Distinguished Lecture Series - Talk by Frank Keller (University of Edinburgh)

We are pleased to announce our upcoming Distinguished Lecture Series talk by Frank Keller (University of Edinburgh)! The talk will take place in person on May 7th, in room UN32.101. Professor Keller will also be available for meetings on May 7th. If you are interested in scheduling a meeting, please email .

Frank Keller is a professor in the School of Informatics at the University of Edinburgh. He has held visiting positions at MIT and the University of Washington. His research focuses on natural language processing, particularly language and vision tasks such as Image description, video summarization, and visual storytelling. He also develops systems that understand long-form narratives, including books and screenplays, and builds computational models of human language processing.

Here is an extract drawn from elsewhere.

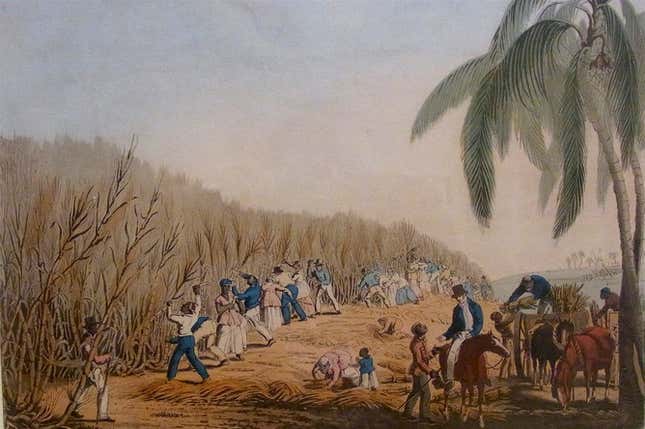 Slaves working in the cane fields.
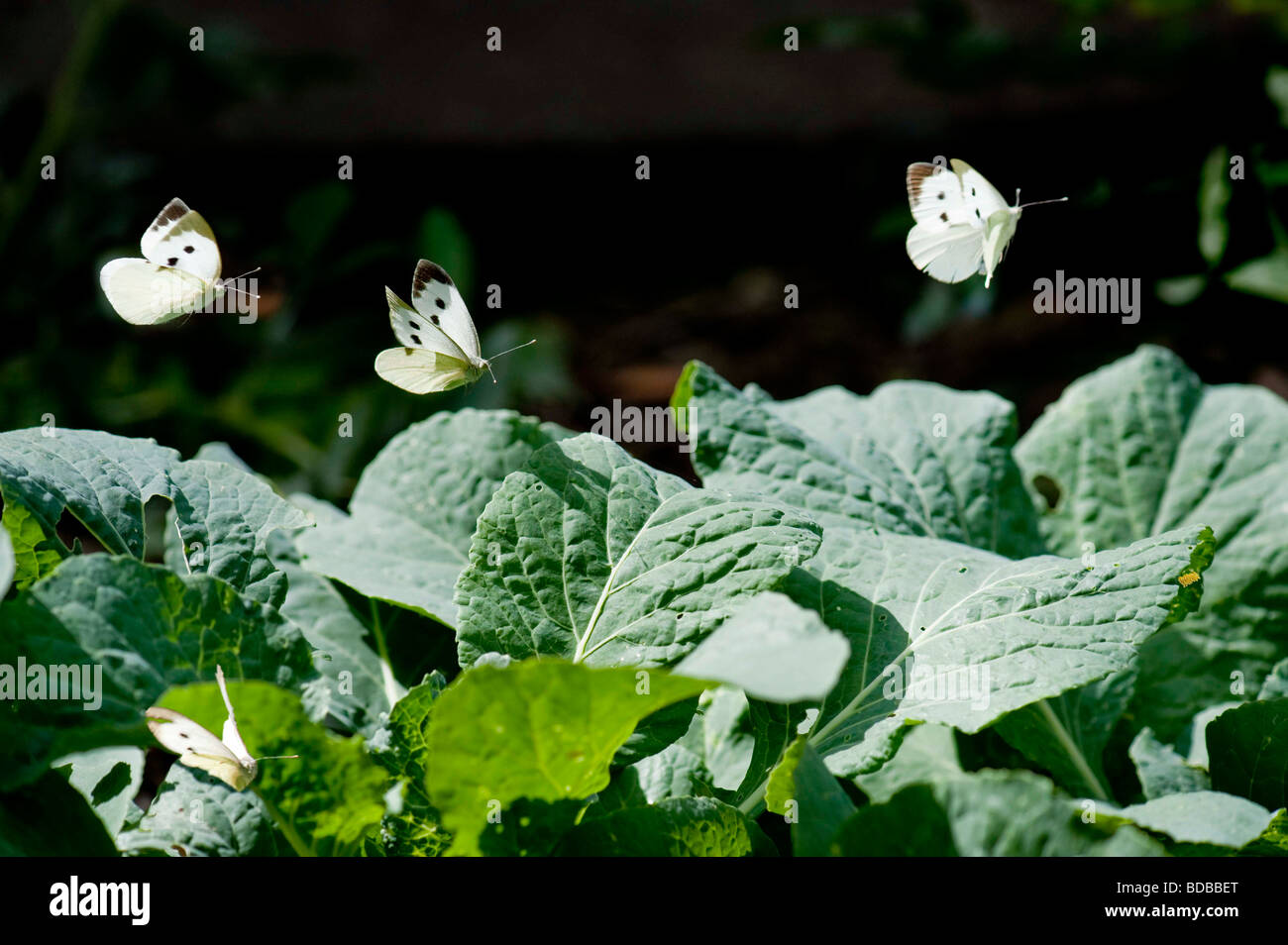 Cabbage White Butterflies settling on  cabbage leaves on which to lay their eggs. Stock Photo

Prof. Keller co-leads the UKRI Centre for Doctoral Training in Responsible Natural Language Processing, which aims to develop trustworthy and ethical NLP systems. He serves on the editorial board of Transactions of the ACL and is an ELLIS fellow. Previously, he was awarded an ERC grant for his research on language and vision.

Title: Grounding across Modalities and Domains

Grounding across Modalities and Domains

In order to understand or generate multimodal inputs, AI systems must perform grounding – the process of linking entities or actions across different modalities. For example, objects depicted in images and videos need to be associated with corresponding textual references. However, large language models struggle with grounding, limiting their performance in tasks such as image generation and video understanding.

In this talk, I will present two case studies demonstrating how explicit grounding can enhance multimodal AI. First, I will argue that character grounding is essential for visual storytelling – the task of turning a sequence of images into a coherent narrative. I will introduce a model that generates visually grounded stories by Building coreference chains for characters across images and text, leading to stories that are more specific, coherent, and engaging.

The second case study focuses on understanding instructional videos, such as those demonstrating cooking or home improvement tasks. In this domain, entities are often implicit (not mentioned in text) and frequently change (being merged, separated, or transformed), making grounding particularly challenging. I will present models that address this challenge by computing the semantic roles of both explicit and implicit entities and tracking them across instructional steps, even as they undergo transformations. These models enhance procedural understanding, improving AI’s ability to follow and reason about complex tasks.

Date: May 7th, 2025
Time: 9:45
Place: Universitätstraße 32.101, Campus Vaihingen of the University of Stuttgart.

Looking forward to seeing you all there! No registration necessary.